** WORK ORDER **
Write down the listing again exactly as it appears below, without its pictures.

════════════════

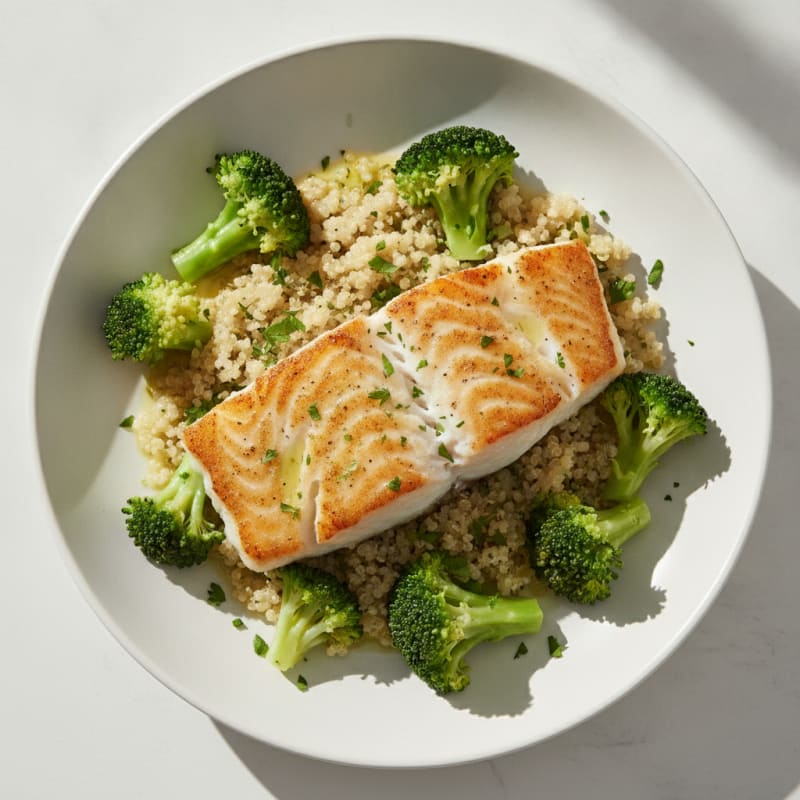 Seared Cod Fillet with Steamed Broccoli and Quinoa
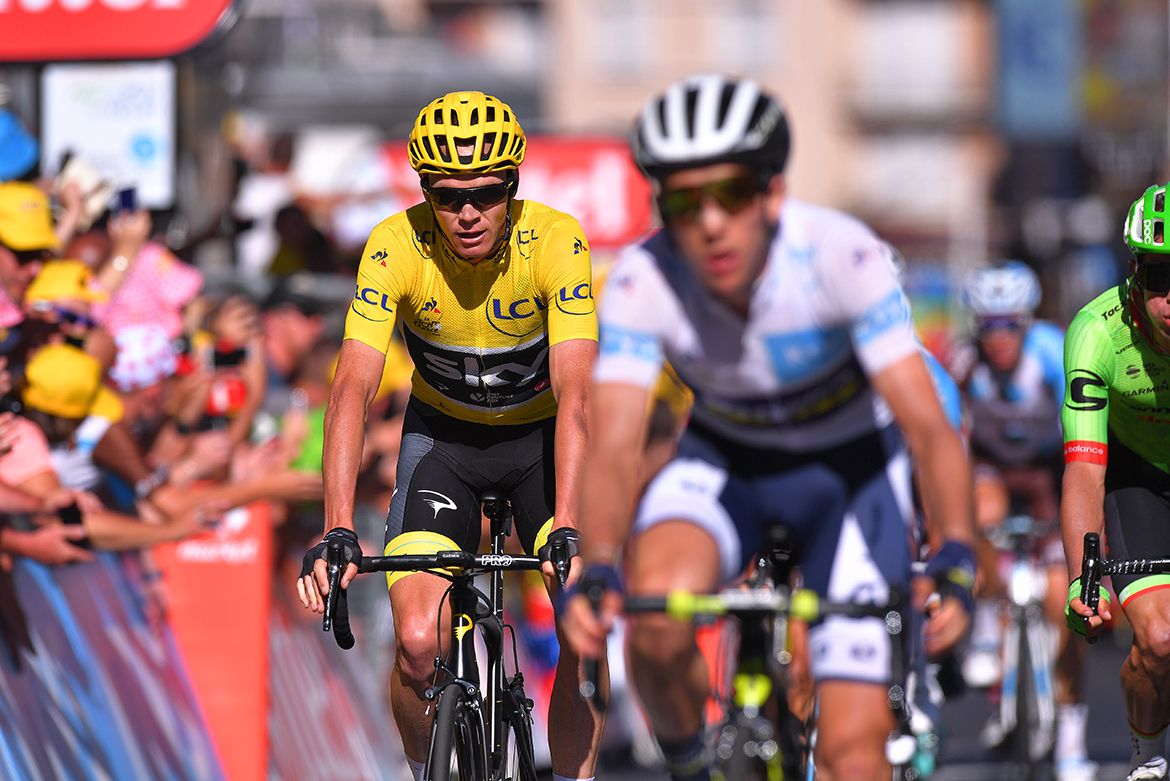 Chris Froome at the finish line of the Tour's stage 15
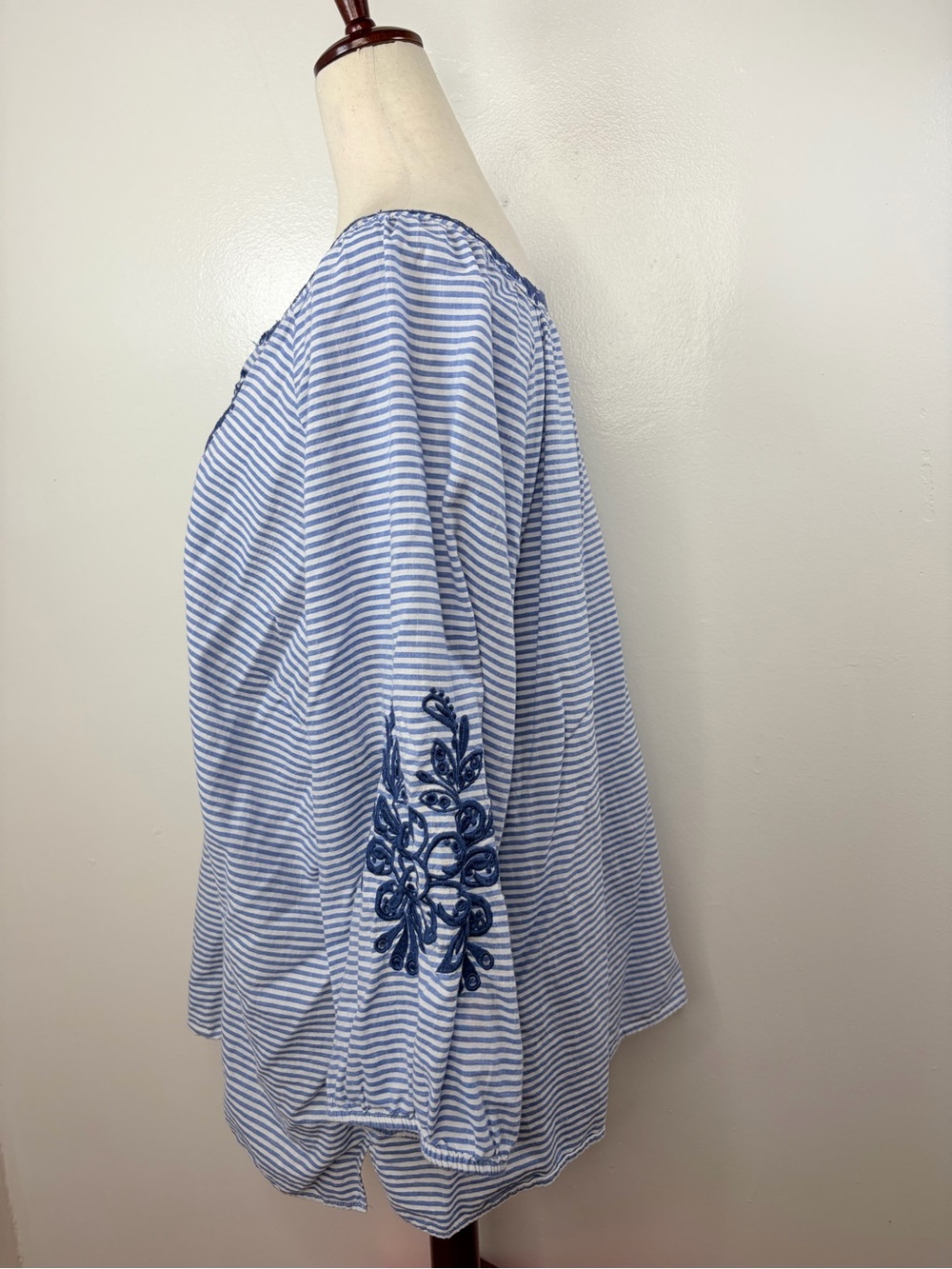 Talbots Harbor Stripe Embroidered Top - Picture 5 of 8
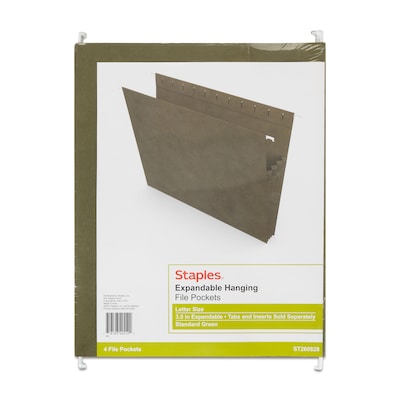 Staples® Hanging File Pocket, 3.5" Expansion, Letter Size, Standard Green, 4/Pack (TR260828)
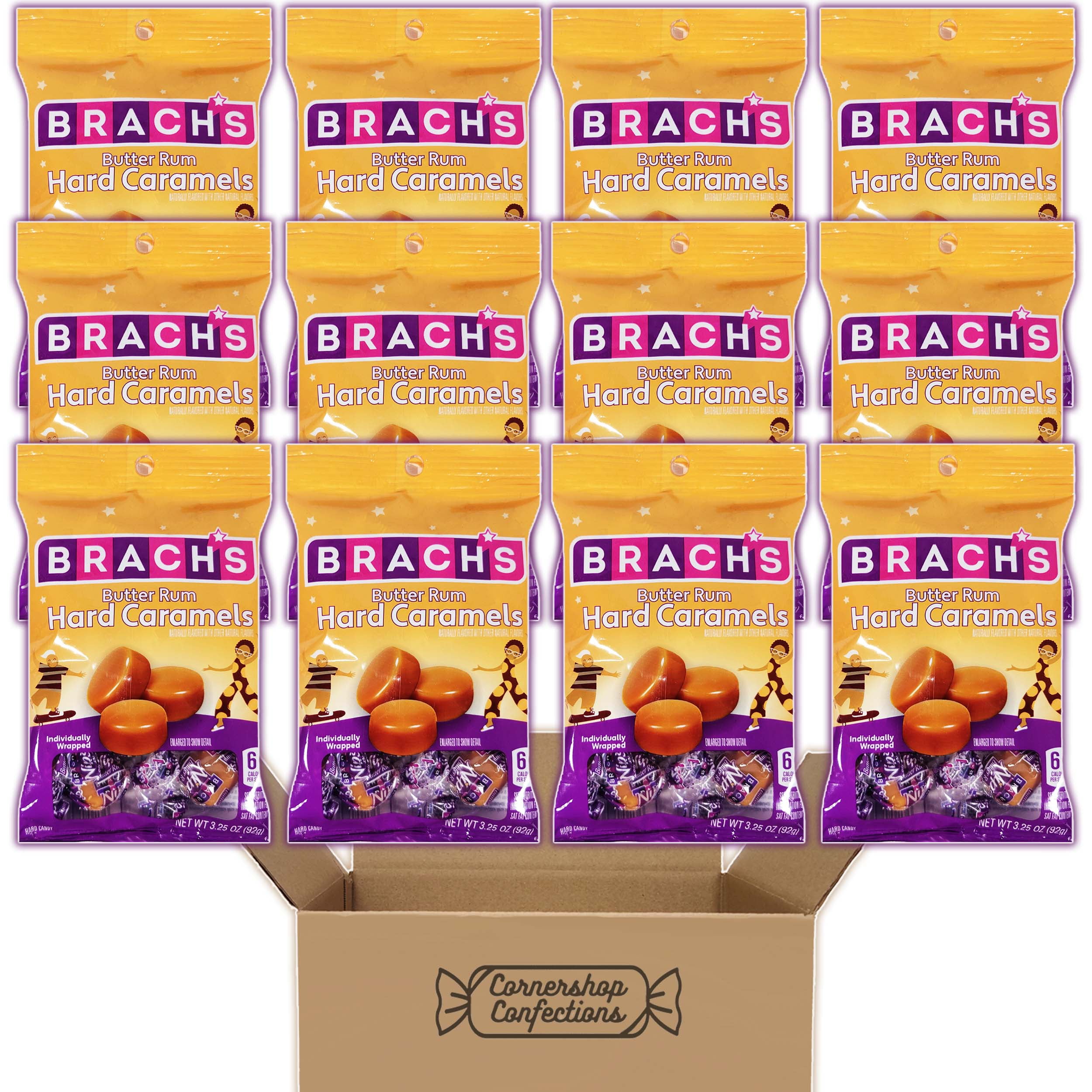 Brach's Caramels Butter Rum Flavor 12 Bag Bulk Pack Formerly Nips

════════════════

** SOLUTION BELOW **
 Seared Cod Fillet with Steamed Broccoli and Quinoa
 Chris Froome at the finish line of the Tour's stage 15
 Talbots Harbor Stripe Embroidered Top - Picture 5 of 8
 Staples® Hanging File Pocket, 3.5" Expansion, Letter Size, Standard Green, 4/Pack (TR260828)
 Brach's Caramels Butter Rum Flavor 12 Bag Bulk Pack Formerly Nips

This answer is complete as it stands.